Quantum Supremacy

by Ken Lloyd

 

On Friday 10th July the Conference of Defence Associations Institute’s Metro Expert Series held a Webinar on Quantum Supremacy and Its Many States of National Insecurity

The topics included the awareness of the Quantum potential in Communications, weather prediction and Intelligence analysis. Speakers itemized the impact for improvements in Artificial Intelligence and Target acquisition through improved Navigation capabilities. The thoughts from speakers periodically returned for their examples to the last great innovation in Cryptography and Computers, the Second World War and Bletchley Park.  

 

 

 

The Speakers recalled what may be learned from Bletchley: 1) Innovation came from a ‘Life and Death’ struggle. 2) The German’s risked all by relying  on one cipher system. For the Germans it was Enigma, today we rely on Public Key Cryptography. 3) Bletchley recruited ‘intelligent people’ from varied backgrounds; today the “Whitehouse” excludes foreign Quantum researchers while China has “1,000 talents’ programme to retain its researchers in China 4) Bletchley had a bureaucracy and organisation that kept its secret and could intercept information. 5) The German organizational policy was open to human errors and exploited by Bletchley. The Speakers said this taught the importance of creating an organisation and developing the people that could respond to Social and geopolitical trends.  One speaker spoke about learning from the past as the past was still relevant, especially in developing  agility readiness. He was referring to Elliptic Curve cryptography as an approach for public key cryptography rather than RSA.  He could easily have been describing the achievement of Bill Tutte in breaking the “Lorenz’ 12 wheel cipher machine in 1942. Mental agility enabled Bill Tutte to break the code without ever seeing the machine; he listened to the sound it made.

 

 

The speakers conjectured what may have happened had the British ‘commercialized’ the last major breakthrough in digital development, the first computer named Colossus” which was ‘ordered’ destroyed in 1945. 
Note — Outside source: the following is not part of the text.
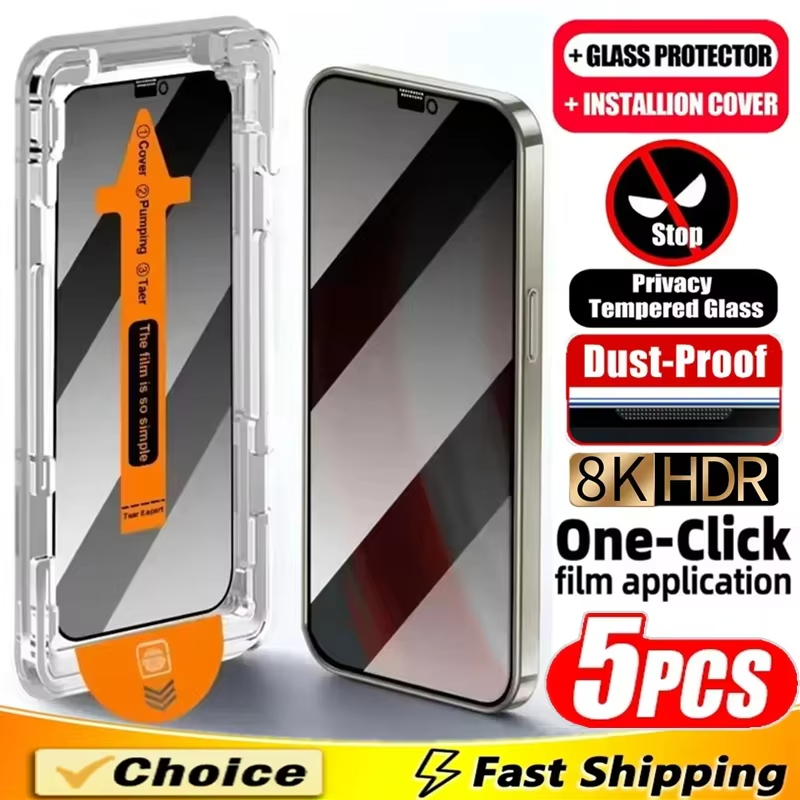 Anti-Spy Peep Gehard Glas Film - Realme C67 recensie en prijs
The past may reveal some of the reasons for choices that may have been made. At the end of the War there were 30,000 Enigma machines available. Some were distributed amongst emerging nations and offered to the new Germany as a proven secure cipher machine. In 1974 Winterbotham published his book revealing the breaking of Enigma.  In the same year the German Border Patrol (Bundesgrenzscutz) part of the Ministry of the Interior, ceased using the Enigma to record names.  

The Soviet Forces in 1945 may have seized intact the Lorenz teleprinter cipher hubs in North Ukraine; East Ukraine; Central Belarus;  Konigsberg; Bucharest; and Berlin. Britain had 5 Russian spies in the Secret service known as the Cambridge 5.  John Cairncross actually worked in Hut 3 at Bletchley. Kim Philby rose to a senior position in MI6. They reported regularly to the Soviets.

 Officially the Colossus and the Bombes were destroyed. Several ‘Bombes” capable of breaking Enigma and “Colossus’ capable of breaking the Lorenz teleprinter code were thought to have been retained by GCHQ.